• [Try it]: The pictures are to be omitted when the entries are reproduced exactly.
[Opening Given entries section]
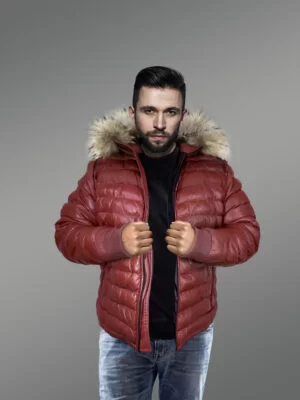 Puffer Leather Down Bomber with Raccoon Fur Hood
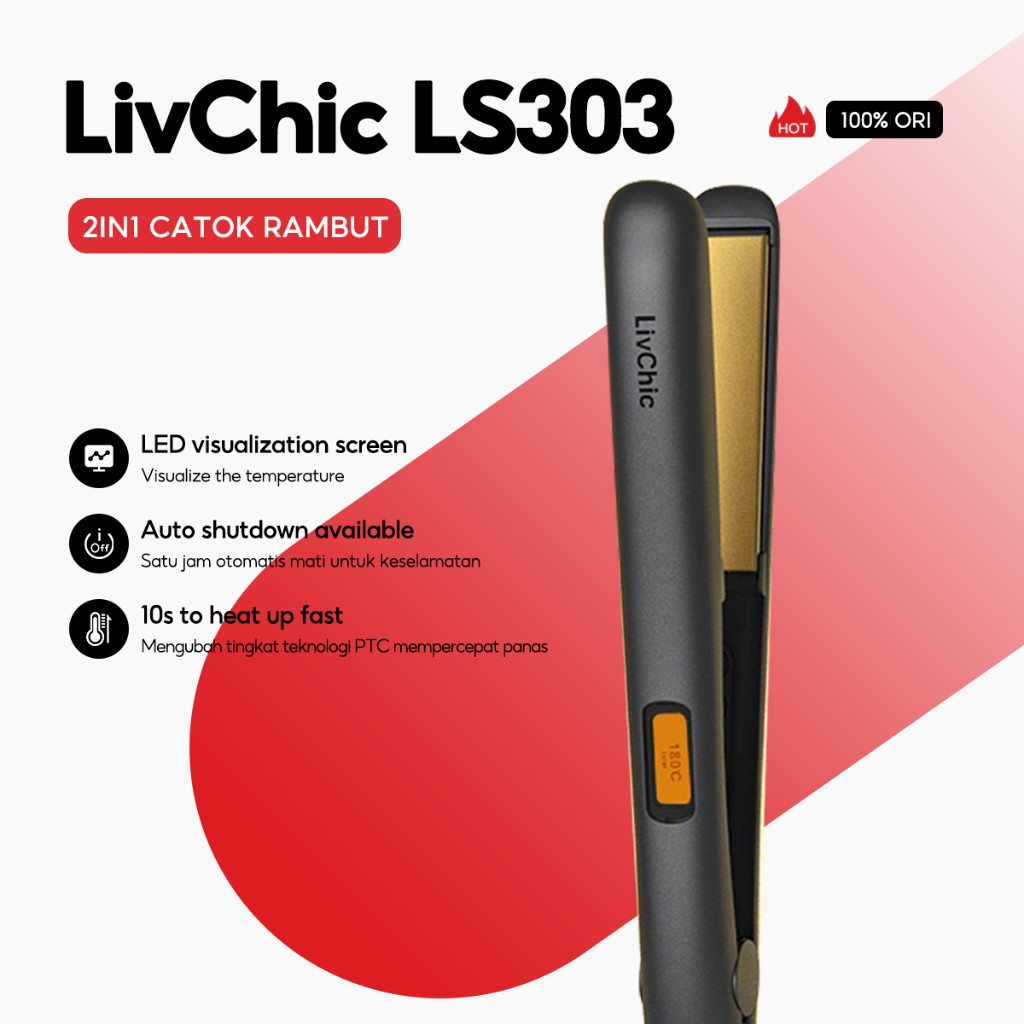 LivChic 2IN1 LS303 Catok Rambut untuk Meluruskan Keriting Ringan Alat pengeriting rambut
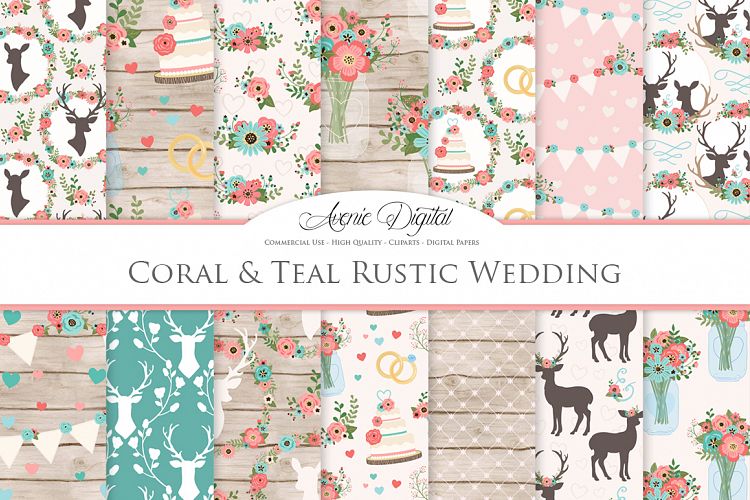 Coral and Teal Wedding Digital Paper -  Rustic Deer Wedding Seamless Patterns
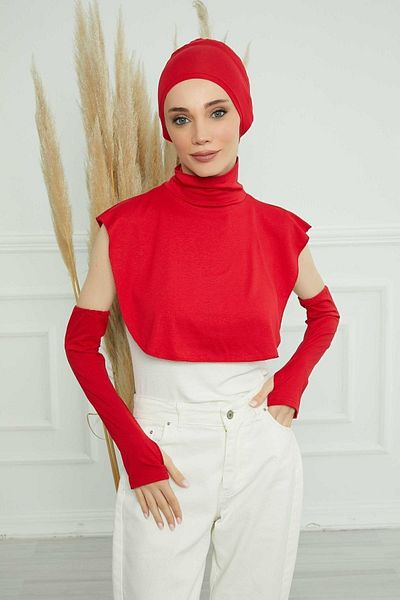 Aisha's Design Red Sleeve, Neck Collar and Bonnet Set - KPT-3
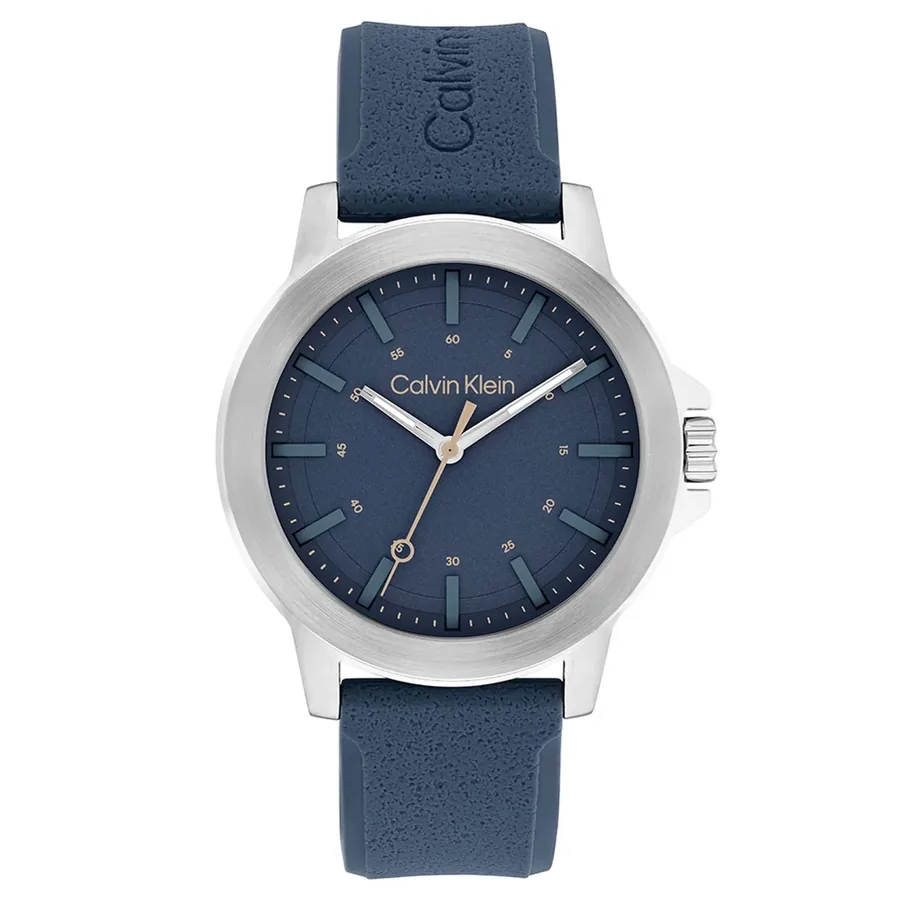 Calvin Klein CK Reset 42mm Blue Dial, Blue Rubber Strap, front view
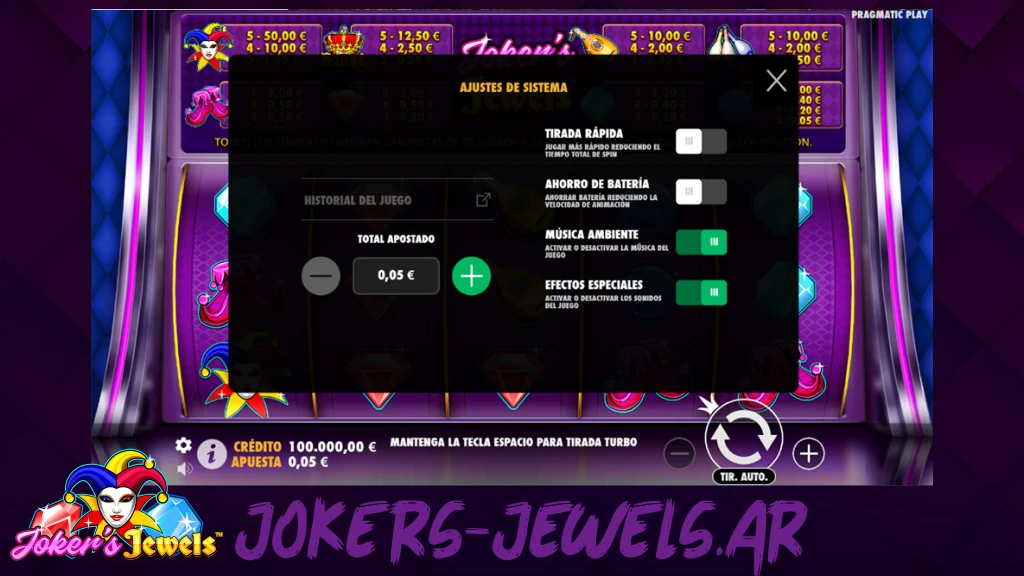 Joker Jewels Ajustes de sistema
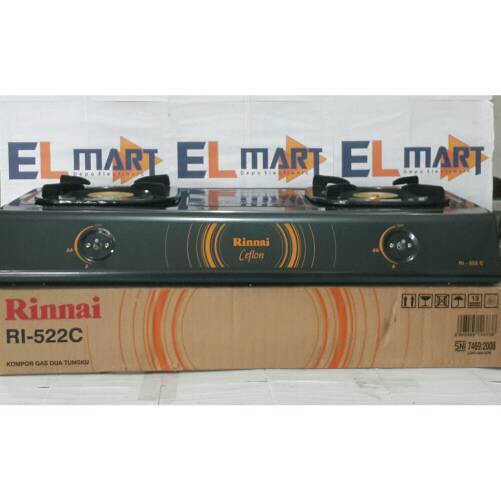 Rinnai Kompor Gas 2 tungku Teflon RI 522C  - 522 C -RI522C Api Biru SNI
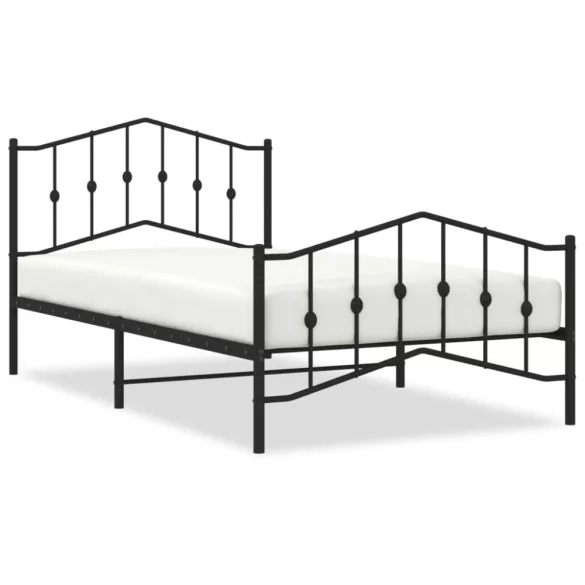 fekete fém ágykeret fej- és lábtámlával 107 x 203 cm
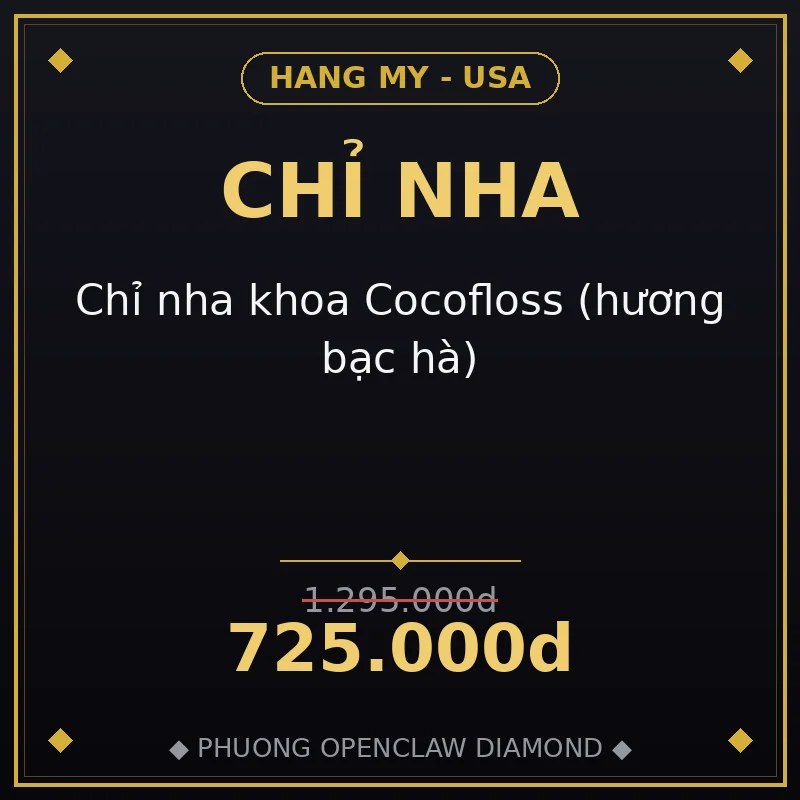 Chỉ nha khoa Cocofloss (hương bạc hà)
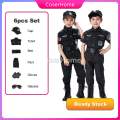 6pcs Set Police Costume for Kids Boy Police Cosplay for Kids Uniform Short Sleeve army costume for kids. 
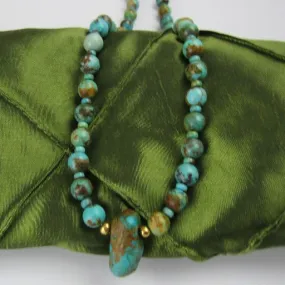 Southwestern Turquoise Bead Pendant Necklace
[Closing Given entries section]
• [Finished task]:
 Puffer Leather Down Bomber with Raccoon Fur Hood
 LivChic 2IN1 LS303 Catok Rambut untuk Meluruskan Keriting Ringan Alat pengeriting rambut
 Coral and Teal Wedding Digital Paper -  Rustic Deer Wedding Seamless Patterns
 Aisha's Design Red Sleeve, Neck Collar and Bonnet Set - KPT-3
 Calvin Klein CK Reset 42mm Blue Dial, Blue Rubber Strap, front view
 Joker Jewels Ajustes de sistema
 Rinnai Kompor Gas 2 tungku Teflon RI 522C  - 522 C -RI522C Api Biru SNI
 fekete fém ágykeret fej- és lábtámlával 107 x 203 cm
 Chỉ nha khoa Cocofloss (hương bạc hà)
 6pcs Set Police Costume for Kids Boy Police Cosplay for Kids Uniform Short Sleeve army costume for kids. 
 Southwestern Turquoise Bead Pendant Necklace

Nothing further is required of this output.